Dataset records
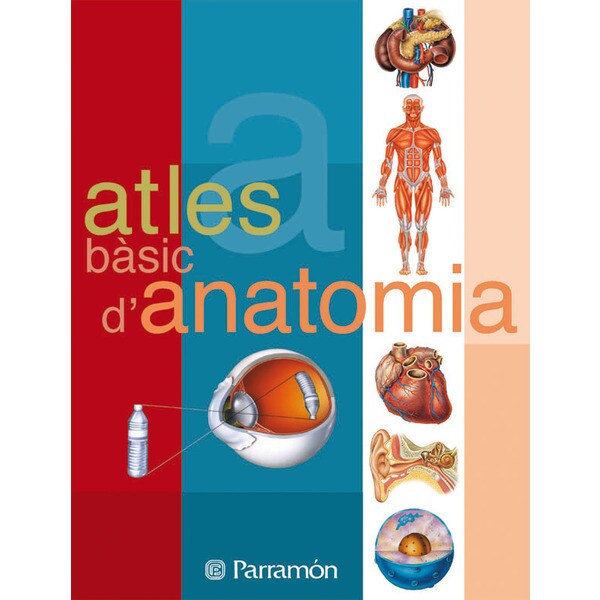 Atles bàsic d'Anatomia (Capa mole) 1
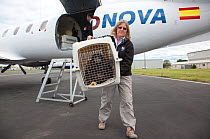 Shipping crate of Norwegian White tailed sea eagle chick (Haliaeetus albicilla) carried from airplane at Edinburgh airport by RSPB staff, part of the East Scotland Sea Eagle reintroduction project, Fi...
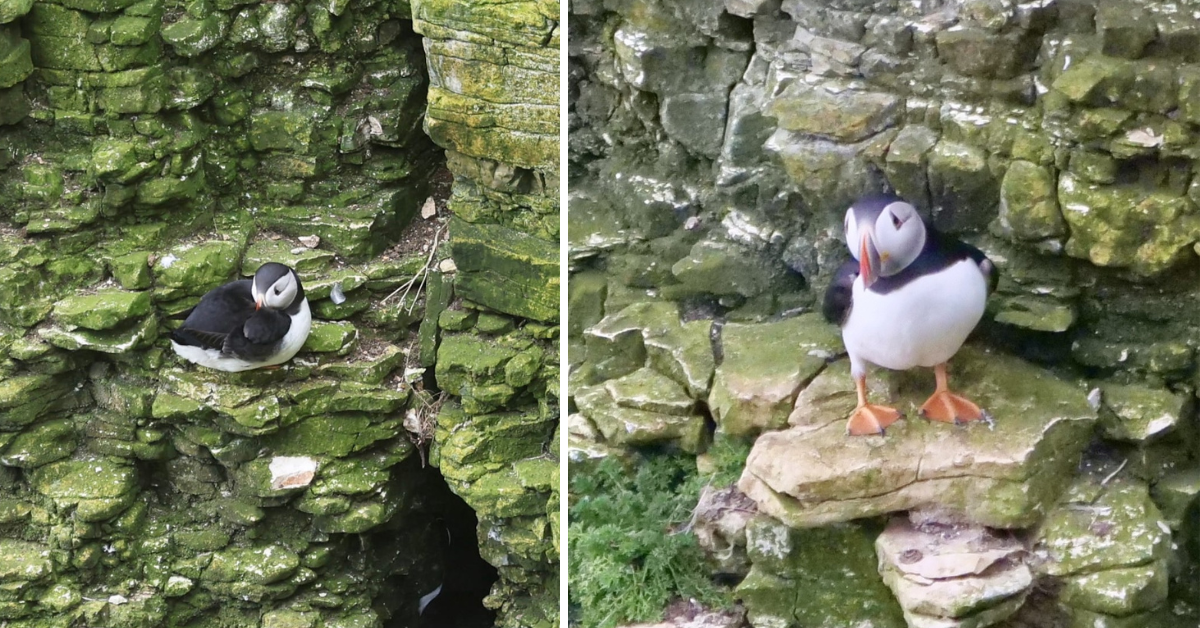 The First Puffins Of The Year Have Been Spotted Along The Yorkshire ...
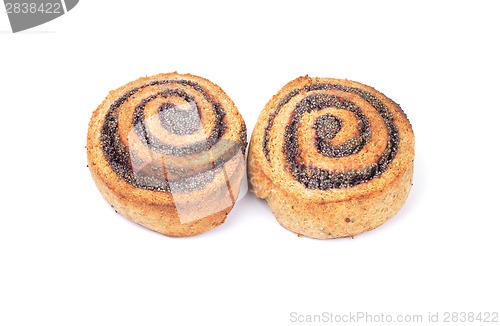 Image of Spiral poppy seed cookie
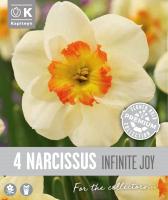 Нарцис LARGE CUPPED INFINITE JOY - 4 бр.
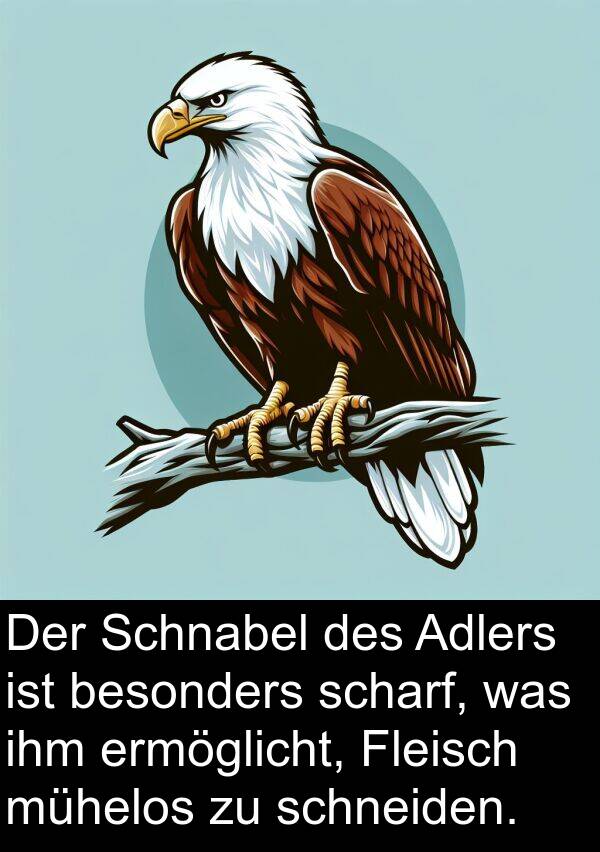 Fleisch: Der Schnabel des Adlers ist besonders scharf, was ihm ermöglicht, Fleisch mühelos zu schneiden.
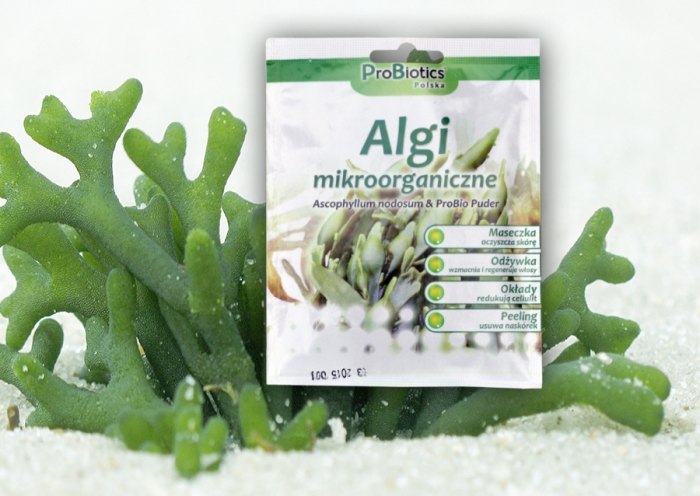 NOWY PRODUKT W OFERCIE – Algi mikroorganiczne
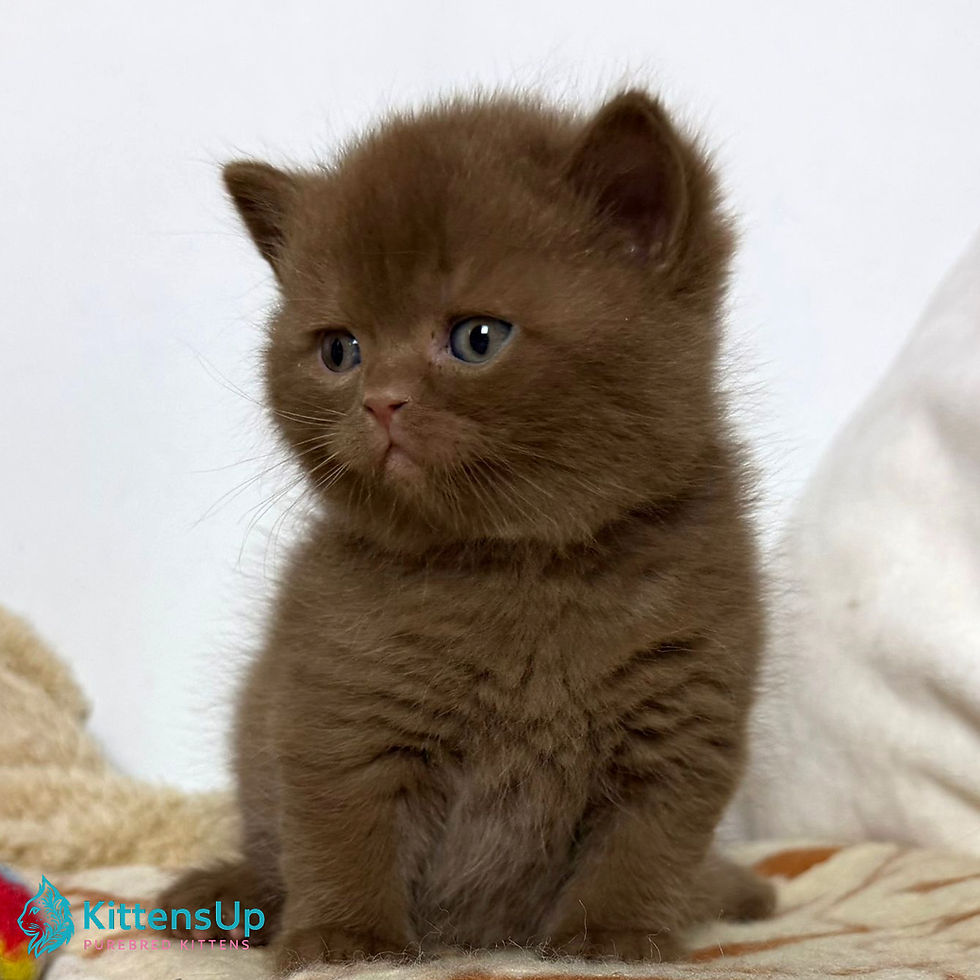 British shorthair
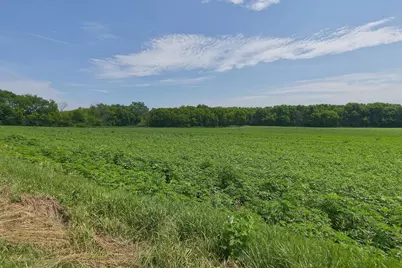Tbd2 Ingram Avenue SW, Howard Lake, MN 55349 - Photo 4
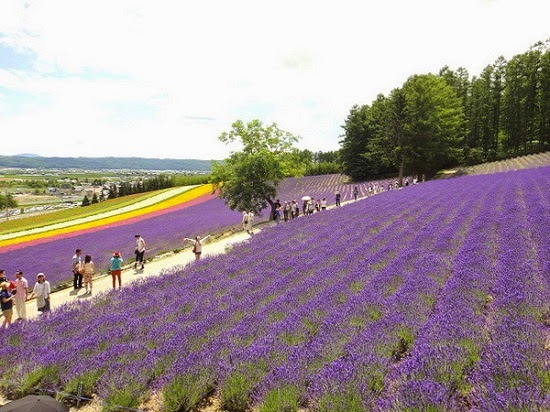 [Image: nhung-thien-duong-hoa-no-thang-5-nhat-ban-7.jpg]
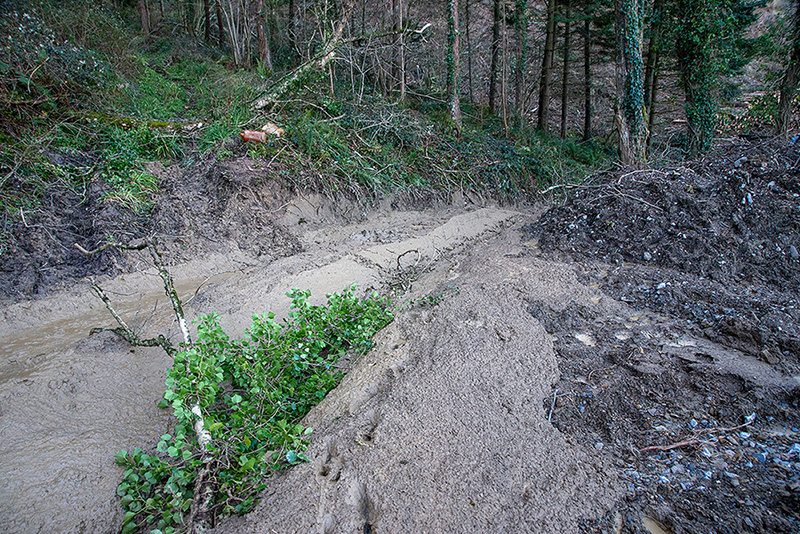 Sallobente 19_01_21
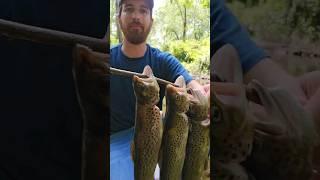 Fly Fishing and Trout Tacos 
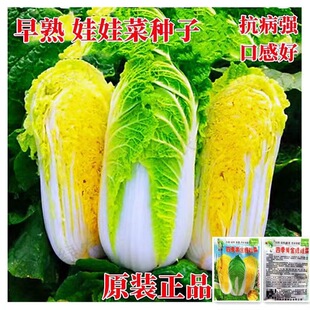 �S�����޲˷N���S�İײ˷N�Ѵ������ļ����N�̨ͥԺ�r���߲˷N��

## Exercise requirements
Only the lines from the one that contains "Tbd2 Ingram Avenue" to the end of the records, inclusive, are to be quoted exactly, with pictures excluded.

## Solution for this problem
Tbd2 Ingram Avenue SW, Howard Lake, MN 55349 - Photo 4
 [Image: nhung-thien-duong-hoa-no-thang-5-nhat-ban-7.jpg]
 Sallobente 19_01_21
 Fly Fishing and Trout Tacos 
 �S�����޲˷N���S�İײ˷N�Ѵ������ļ����N�̨ͥԺ�r���߲˷N��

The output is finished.